I recently posted some thoughts on why I believe the rapture of the church will occur before the tribulation (click here). I know there are a lot of debates out there about the phrase “the last trump” of 1 Corinthians 15:51 which states, “In a moment, in the twinkling of an eye, at the last trump: for the trumpet shall sound, and the dead shall be raised incorruptible, and we shall be changed.” I thought I’d just add in my two cents.
This “last trump” is sometimes confused with the last of the seven trumpets of Revelation (Rev 8:2) and some conclude based on this assumption that the rapture of the church will occur in the middle of the tribulation. But this is very unlikely since Paul wrote of “the last trump” some thirty years before the details of the Revelation (and the seven trumpets) were given. In other words, not even the apostle, Paul, knew about the seven trumpets of Revelation when he wrote 1 Corinthians. So if “the last trump” is an allusion to anything at all, it must be to something else. And I believe it is.
The book of 1 Corinthians is actually full of references to the Feasts of Jehovah. These seven feasts are described in a few places in the Old Testament.
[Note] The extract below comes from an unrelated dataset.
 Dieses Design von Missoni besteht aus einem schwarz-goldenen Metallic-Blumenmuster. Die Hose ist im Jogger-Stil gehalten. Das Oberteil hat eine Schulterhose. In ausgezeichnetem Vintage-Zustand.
See Leviticus 23 and Deuteronomy 16 for some very clear descriptions. In order, they are: the Passover, the Feast of Unleavened Bread, the Feast of Firstfruits, the Feast of Pentecost (AKA Feast of Weeks), the Feast of Trumpets, the Day of Atonement, and the Feast of Tabernacles (AKA, Feast of Ingathering).
Here is a list of some of the references to these Old Testament feasts within the book of 1 Corinthians.
- The Passover and the Feast of Unleavened Bread are mentioned in 1 Corinthians 5:7-8, “Purge out therefore the old leaven, that ye may be a new lump, as ye are unleavened. For even Christ our passover is sacrificed for us: Therefore let us keep the feast, not with old leaven, neither with the leaven of malice and wickedness; but with the unleavened bread of sincerity and truth.”
- The Feast of Firstfruits is mentioned in 1 Corinthians 15:20-23, “But now is Christ risen from the dead, and become the firstfruits of them that slept. … But every man in his own order: Christ the firstfruits; afterward they that are Christ’s at his coming.” It is also referred to in 1 Corinthians 16:15 in a more incidental way, “… ye know the house of Stephanas, that it is the firstfruits of Achaia, …”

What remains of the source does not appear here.